Vincent Juvyns était l’invité du Trends des Marchés sur Trends Z ce lundi soir. Il explique pourquoi il est si important d’investir en bourse : préserver son pouvoir d’achat et renforcer l’économie.
“C’était Blue Monday en bourse aussi”, explique Vincent Juvyns d’emblée, “et Donald Trump a rajouté une couche ce dimanche évidemment.” Le troisième lundi de janvier est souvent vu comme le jour le plus déprimant de l’année. Les marchés ont clôturé dans le rouge, ce lundi. Rebelote ce mardi.
“Sur les marchés aussi on a senti cette morosité ambiante, il y a un contexte de tension géopolitique et de guerre. Dans certains États membres, il y a des tensions sociales et des tensions politiques inhérentes aux assainissements budgétaires qui doivent être réalisés. La France notamment est empêtrée dans des discussions budgétaires interminables”, dépeint-il, en prenant la journée de lundi sous la loupe.
Prudence
Au-delà, ce contexte affecte cependant réellement les consommateurs et investisseurs européens : ils se montrent prudents. Le taux d’épargne a augmenté à 15% du revenu disponible en 2025. “C’est trois fois plus qu’outre-Atlantique. C’est de l’argent qui n’est pas dépensé ni investi, et qui ne soutient pas l’économie”, analyse l’expert.
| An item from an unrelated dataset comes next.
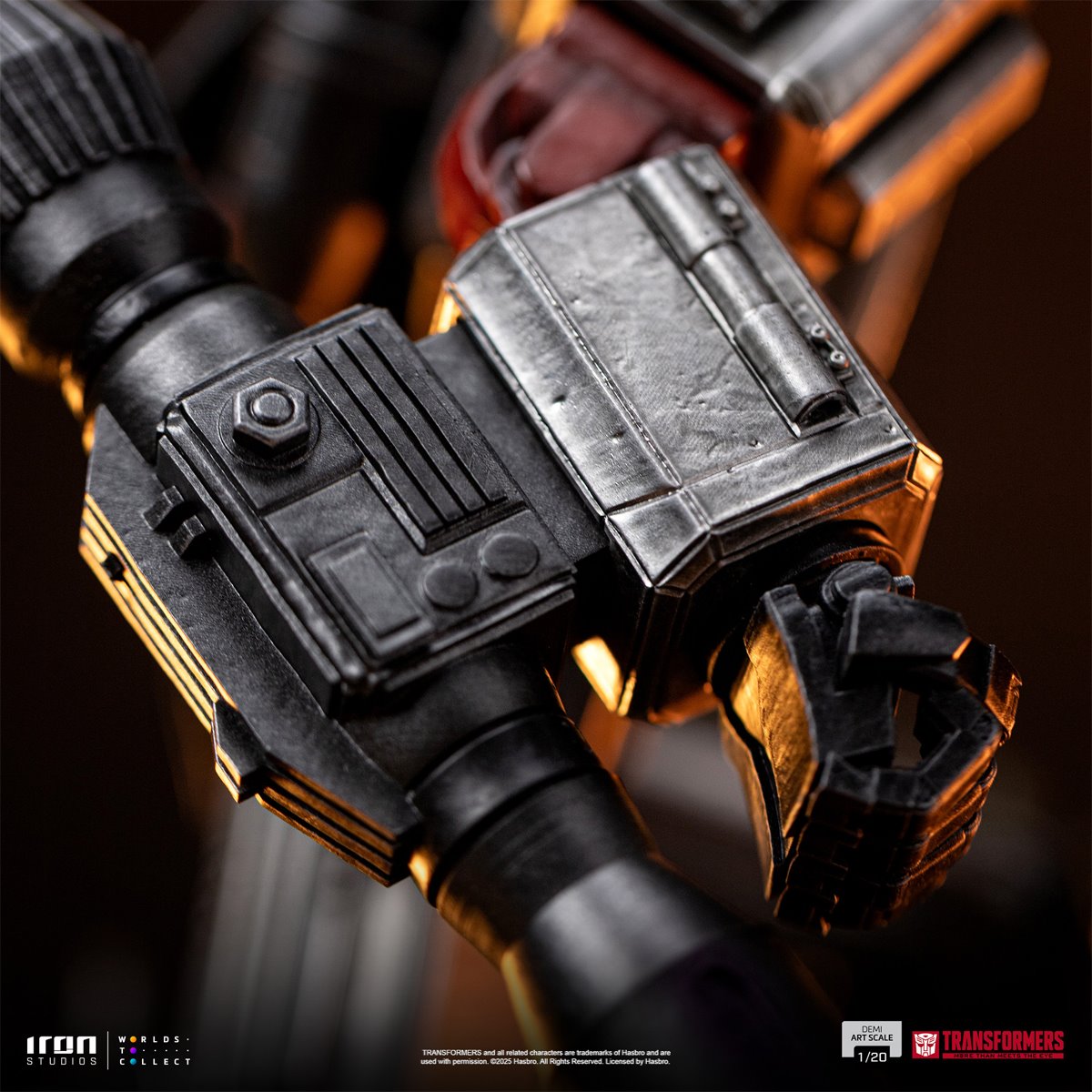 Transformers Megatron 1:20 Demi Art Scale Limited Edition Statue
Mais voilà un certain paradoxe, car il y a néanmoins beaucoup de raisons de rester optimiste, en ce début d’année, malgré une montée de l’incertitude. “Je voudrais mettre en exergue, compte tenu de cette nouvelle salve de droits de douane, que la norme économique c’est l’expansion et non la récession. On la craignait mais elle n’est toujours pas arrivée. Sur le plan économique, les optimistes triomphent, et cela doit nous animer en ce Blue Monday.”
Bourse : rester investi
Étant donné ce contexte de croissance, les marchés ont commencé l’année en fanfare. Les prudents Européens perdent donc de l’argent, en économisant trop et en n’investissant pas assez.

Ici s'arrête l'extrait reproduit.